▶ [Required action]
In the records below, find the line containing "Viropa Tisana Vircistit 15 Filtros-1" and repeat it and every line after it exactly, without pictures.

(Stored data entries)
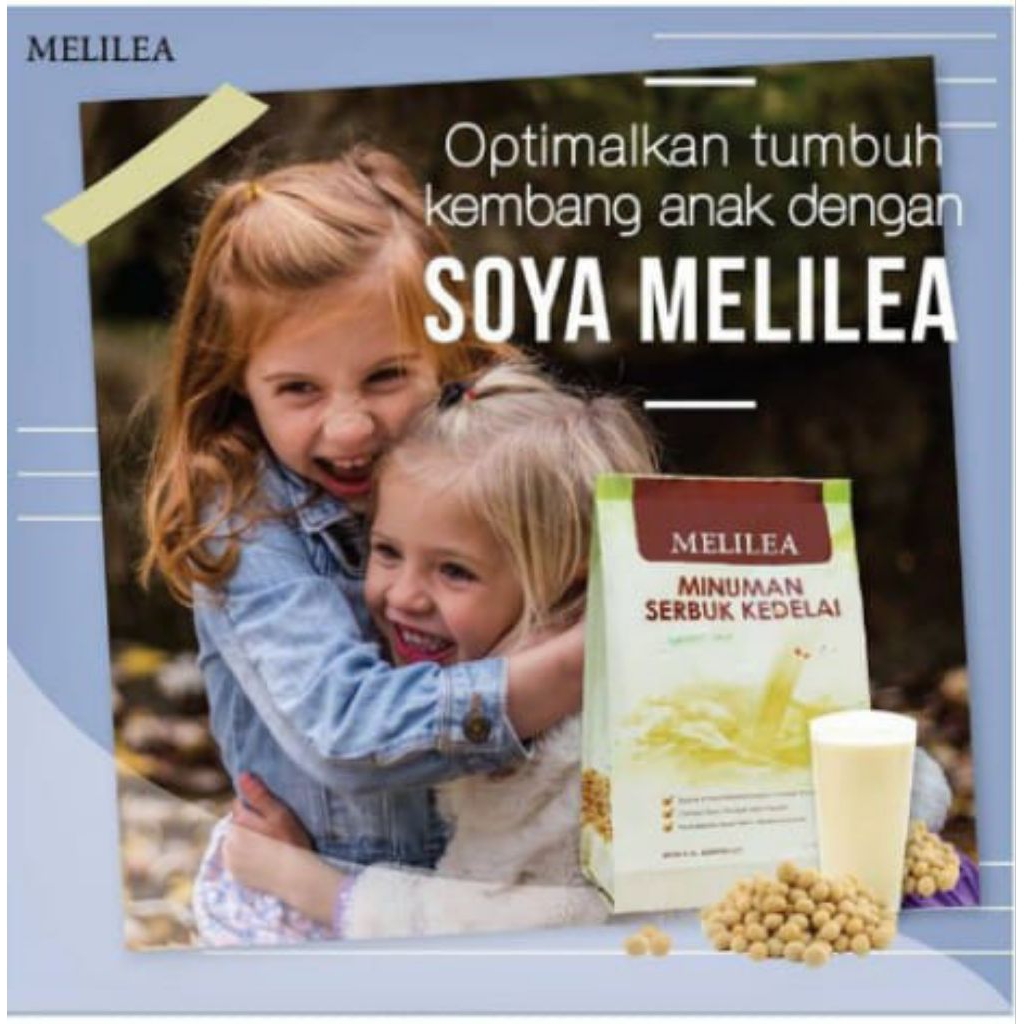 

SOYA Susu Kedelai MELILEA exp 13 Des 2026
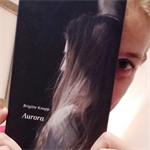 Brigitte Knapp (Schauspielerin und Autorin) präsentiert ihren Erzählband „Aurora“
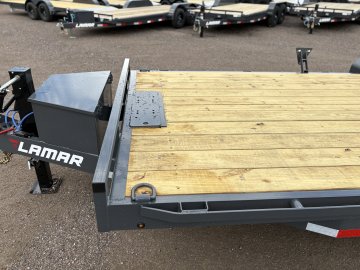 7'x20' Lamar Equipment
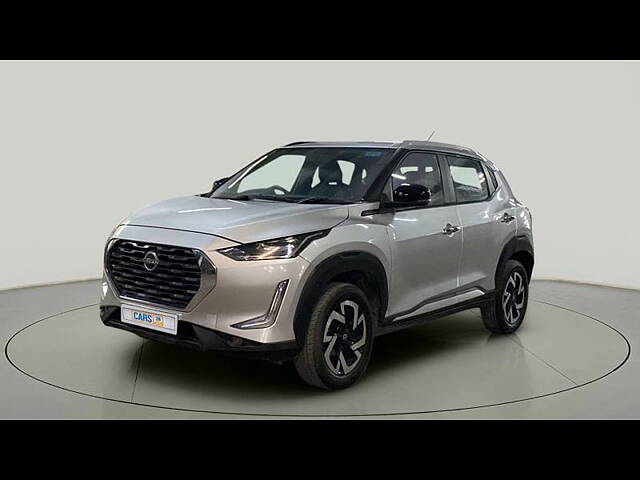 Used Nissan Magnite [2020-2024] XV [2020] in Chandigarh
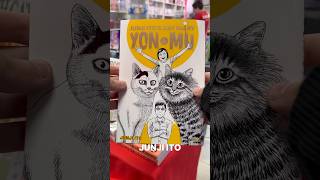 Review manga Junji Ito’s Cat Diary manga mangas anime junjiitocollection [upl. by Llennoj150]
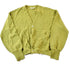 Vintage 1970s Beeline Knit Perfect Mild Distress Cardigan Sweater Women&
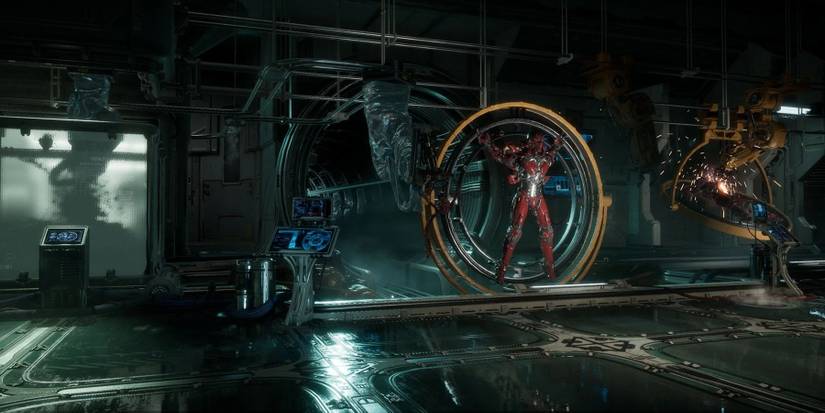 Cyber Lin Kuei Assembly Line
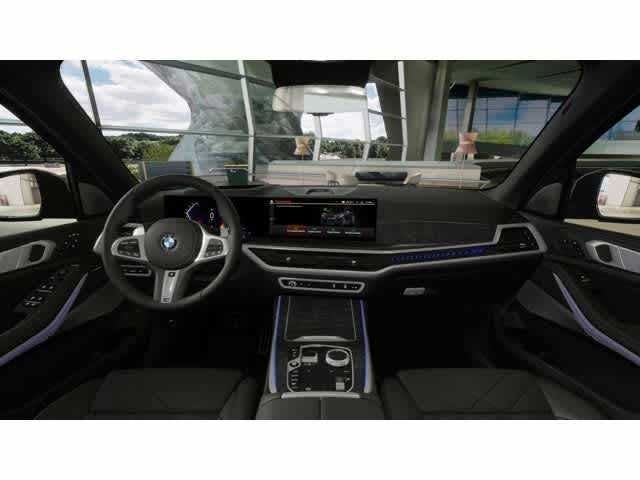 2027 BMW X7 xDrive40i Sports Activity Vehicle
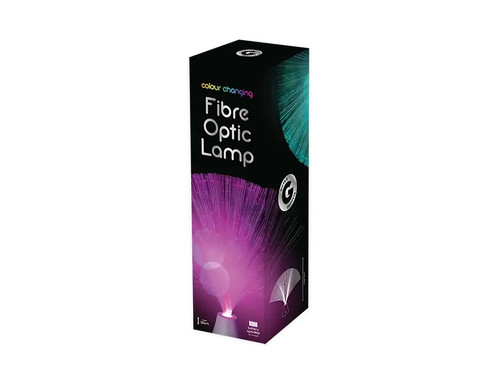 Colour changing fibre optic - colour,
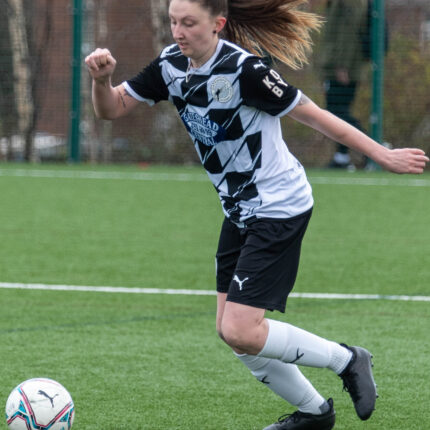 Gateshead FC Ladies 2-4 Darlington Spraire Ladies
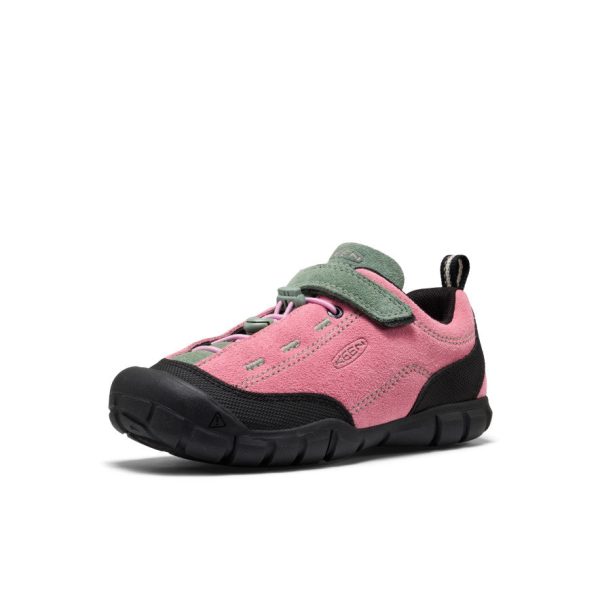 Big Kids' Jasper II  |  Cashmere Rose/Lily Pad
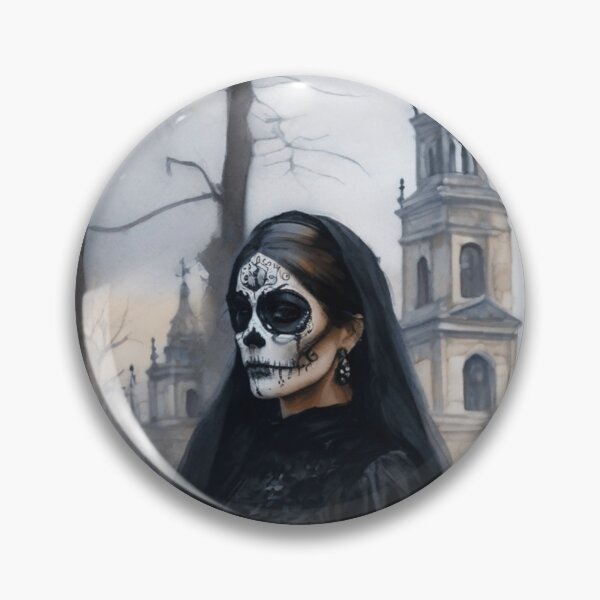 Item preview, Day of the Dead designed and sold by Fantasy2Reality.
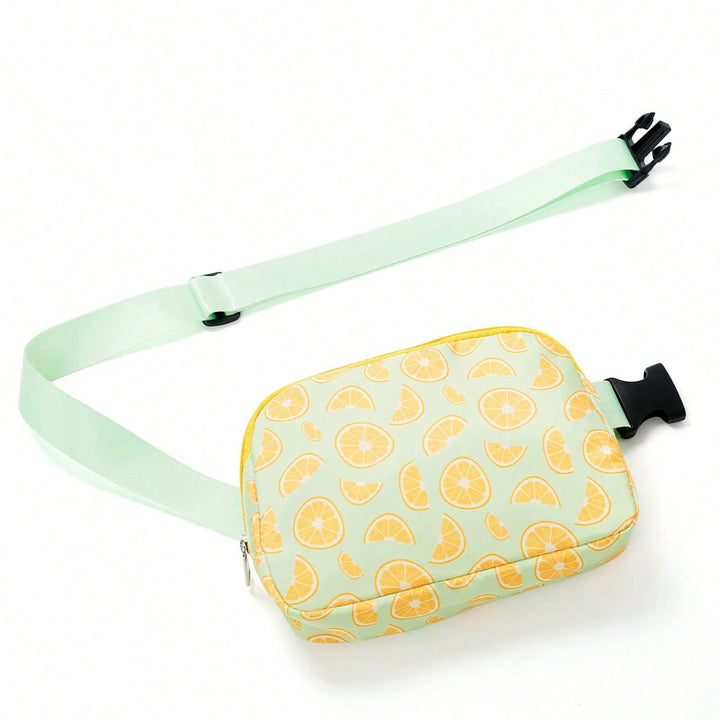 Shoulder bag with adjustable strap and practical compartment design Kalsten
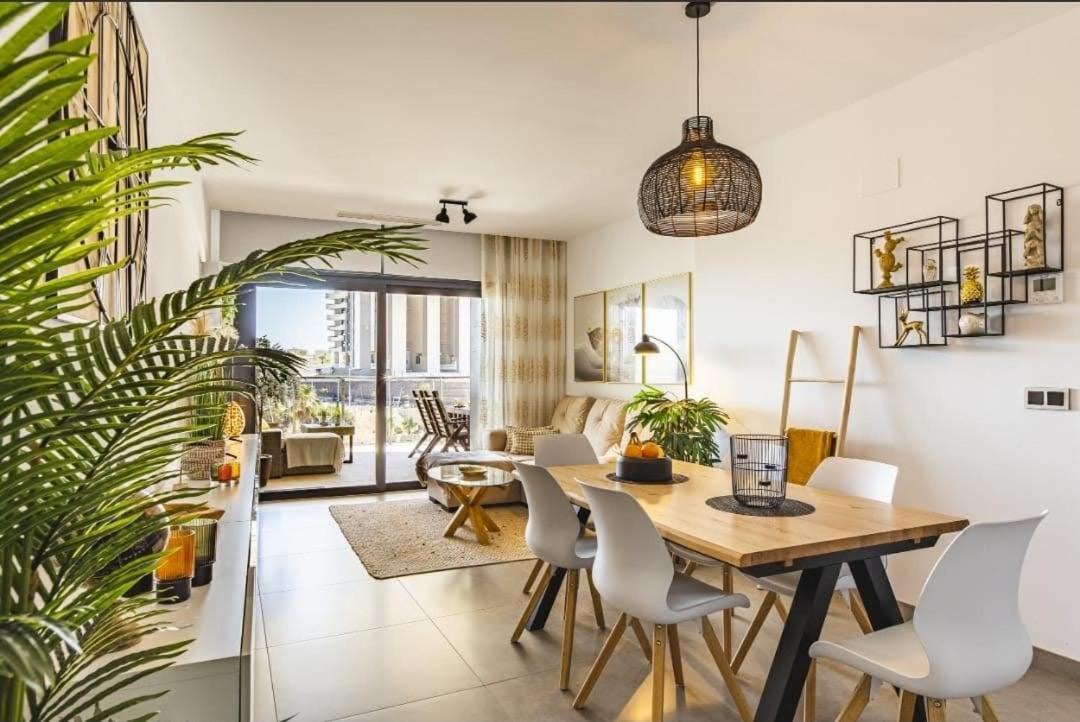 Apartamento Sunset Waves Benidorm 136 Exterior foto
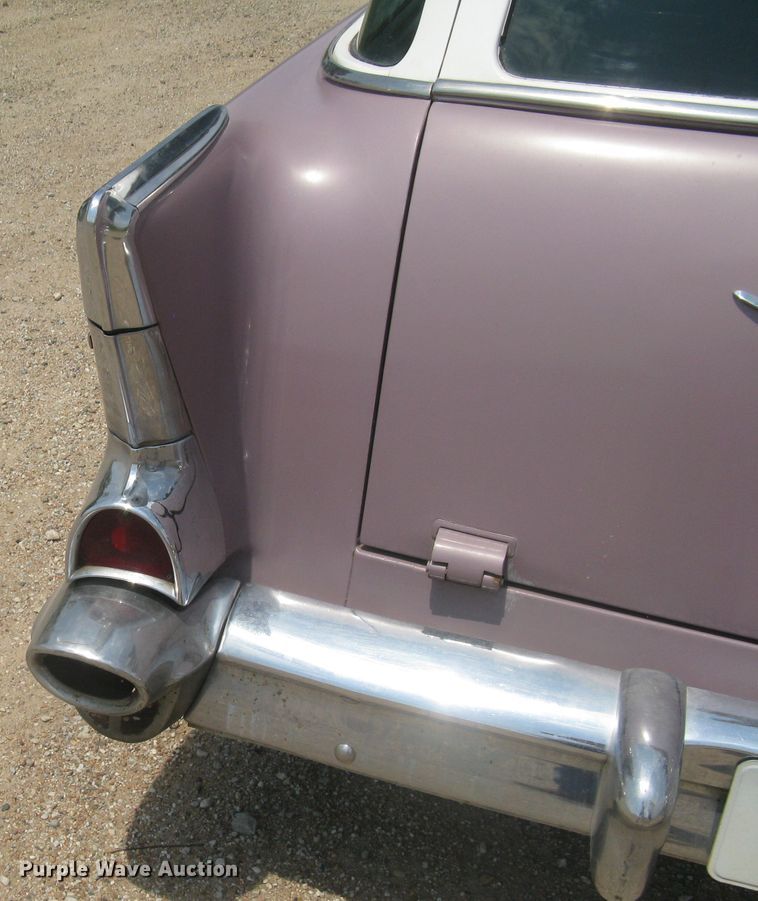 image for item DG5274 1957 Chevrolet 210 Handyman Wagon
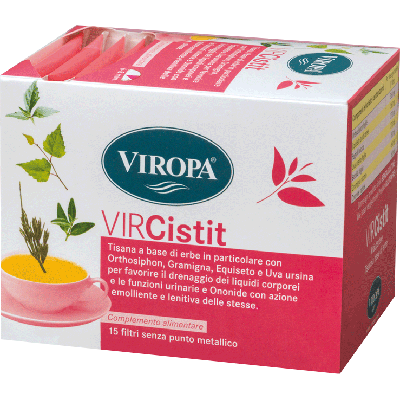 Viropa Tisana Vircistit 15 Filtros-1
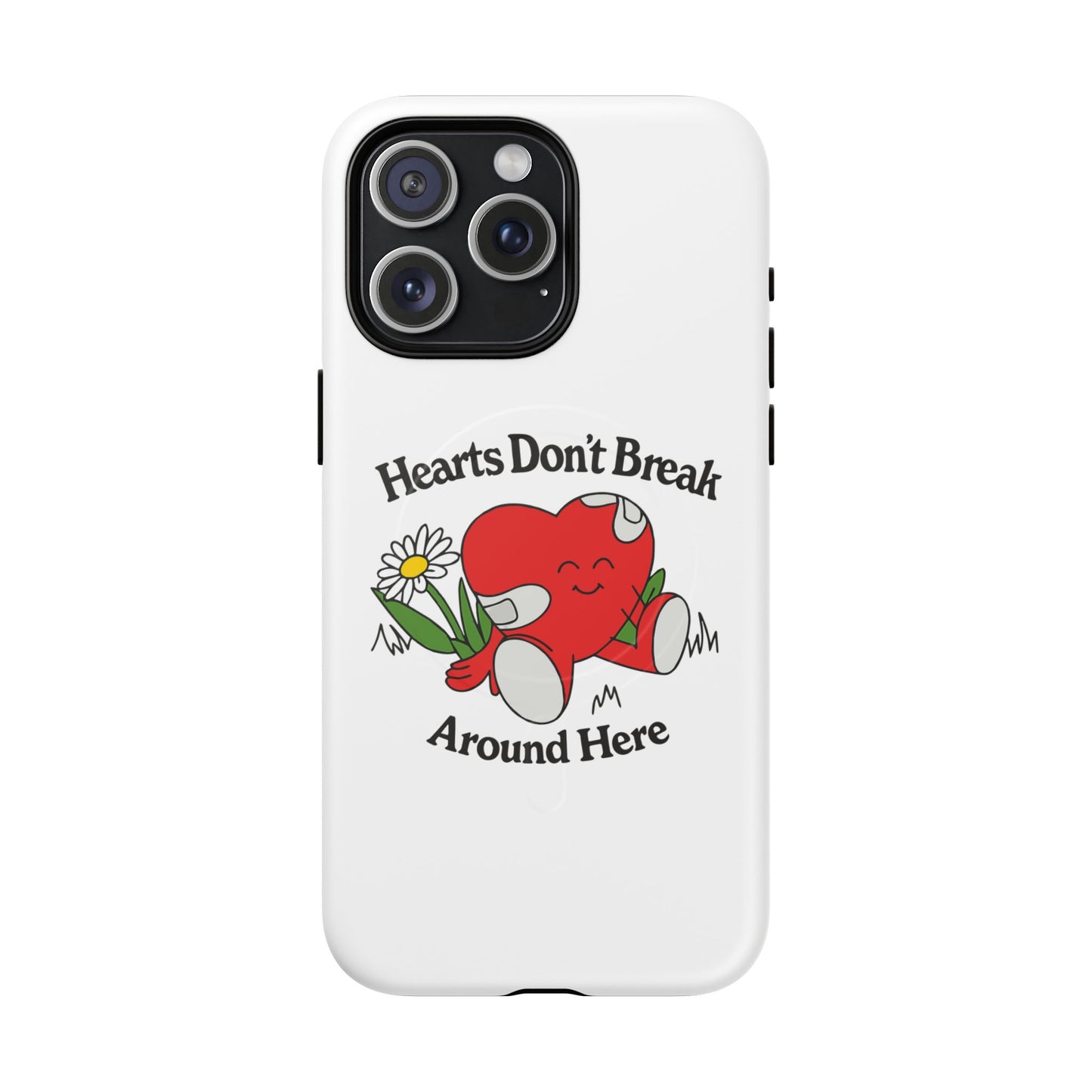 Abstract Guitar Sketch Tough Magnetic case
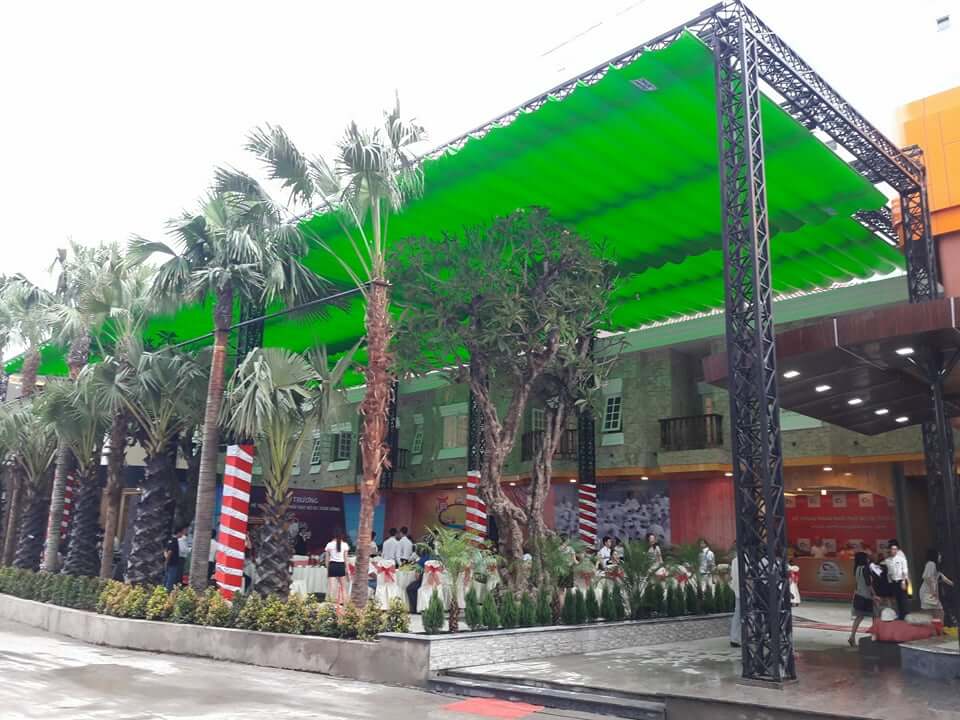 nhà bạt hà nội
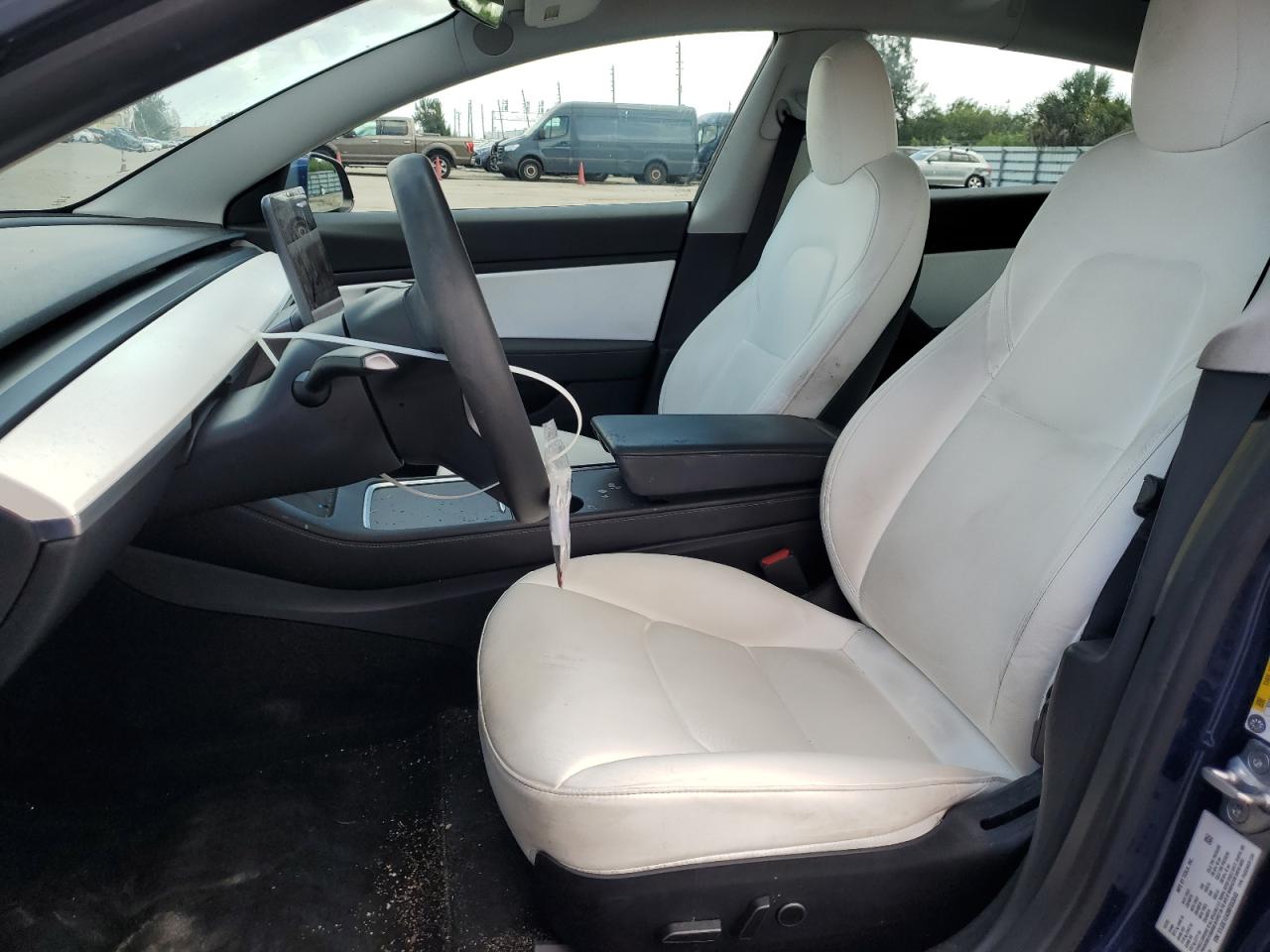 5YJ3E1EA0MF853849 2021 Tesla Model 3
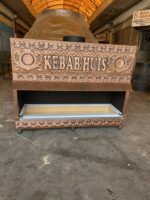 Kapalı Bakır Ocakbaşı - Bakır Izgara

▶ [Answer box]
 Viropa Tisana Vircistit 15 Filtros-1
 Abstract Guitar Sketch Tough Magnetic case
 nhà bạt hà nội
 5YJ3E1EA0MF853849 2021 Tesla Model 3
 Kapalı Bakır Ocakbaşı - Bakır Izgara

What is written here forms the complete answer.